ロウニンダーの嘆
ロウニンダーの嘆は亡羊の嘆からきています。恥ずかしながら今回の題名のために調べたりしていて初めてこの亡羊の嘆という言葉を知りました。意味は知っている方もいるとは思いますが説明をしておきます。
中国の道家の思想家、列子の故事からきており、ここでの意味に限らせて言わせてもらいますと「いくつもの方針があって、どれを選ぶべきか迷うこと」(明鏡国語辞典)また多岐亡羊ともいうことがあるそうです。こちらのほうがメジャーかも。
ただ単にロウニンダーの嘆きという意味も入れたいため亡羊の嘆のほうを採用しました。
そんな彼が今の自分の道を良くするため手段が"仮面浪人"だということだ。この判断が正しいのかは僕には分からないし、人の選択にけちをつけるほど僕が優れているというわけでもない。
仮面浪人した彼はサークルなどには入らなかったらしい。何より新歓コンパにも一切参加していないらしい。そのため5月を経て6月に入ってもこれといった友人は作れていないという。そんな彼は常々このような不満を垂れる。大学は思ったよりも楽しくないし、それどころかつまらないと。僕としてそうしているのは自分じゃないのかと言いたいのが、ぐっとこらえている。
そんな彼だが、実際入試の勉強をどれだけしているというと全くしていないらしい。これには僕は呆れた。なんだかんだ応援してきた僕だが、こんな奴を応援していいのかと思ってしまう。言い訳は大学が思った以上に忙しいということと通学に時間がかかるということを言っているが、そんなのはやる気でどうにかして欲しいものだ。
そんな言い訳ばかりを繰り返す彼に本音はどうなんだと問うてみた。色んな言い訳を笑いながら言っていた彼は黙り込んだ。そして遠くを見ながら、僕に言うわけでもなく、独り言のように話し始めた。
「知ってるとは思うけど、俺ってさ、中学のときは全く勉強してなかったし、高校も2年の途中までは就職希望だったんだよね。そんな奴がたった高校の約1年半だけ勉強してさ、失敗した。進学の動機も不純だったし当たり前といったら当たり前なんだけどさ。初めて頑張ったっていうかあそこまで何かに集中したんだよね。目標をもって何かをすることって確かに失敗のリスクとか怖さがあるけど、何か落ち着くっていうか無駄なことを考えなくて済む感じが心地よかった。

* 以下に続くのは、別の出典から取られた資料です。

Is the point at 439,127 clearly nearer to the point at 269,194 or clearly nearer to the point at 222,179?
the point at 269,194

受験失敗して目標がなくなって、でも新たな目標が見つけられなくてとりあえずリベンジだって仮面浪人になるって決めたんだ。でも今はそんな気持ちでしたってまた失敗する気しかしなくてさ。実際言い訳ばかりで勉強もしていないから落ちる未来しか見えない。それに高2の途中まで就職希望だった奴が学歴コンプって・・・・。なんかかっこ悪いっていうか可笑しい感じがしてさ。このまま中途半端なままで大学生活を無駄にしたくないって気持ちもあるし、周りはほんとに楽しそうに笑っててさ。俺未だに昼飯ぼっち飯なんだぜ。空しくなっちゃてさ。そう思いだしたら迷いだしてるんだよ、今」
彼は自分でも上手くまとめられないまま思ったことをそのまま言っているようだった。彼に本音を問うたくせに、いざ答えられると何も答えてあげられない自分が情けなく感じた。
「ごめんな。お前には関係ないのにな。いっつも話し聞いてくれてありがとう。悩みとかネガティブなこと言うと相手を困らせるから我慢してるんだけど、なんでだかお前にはいつも話しちゃうんだよな。ごめん」と苦笑いをしながら彼は言う。お前には何か悩みとかないのと尋ねてくれたが頭を振った。お前は強いなという彼に僕も君と一緒で相手を困らせたりするのが嫌なんだよと心の中で言った。
「迷うのはいいけど帰り道が分からなくなるまでは迷うなよ」と一言だけ僕は彼に言い、彼は微笑みながらありがとうと優しく言った。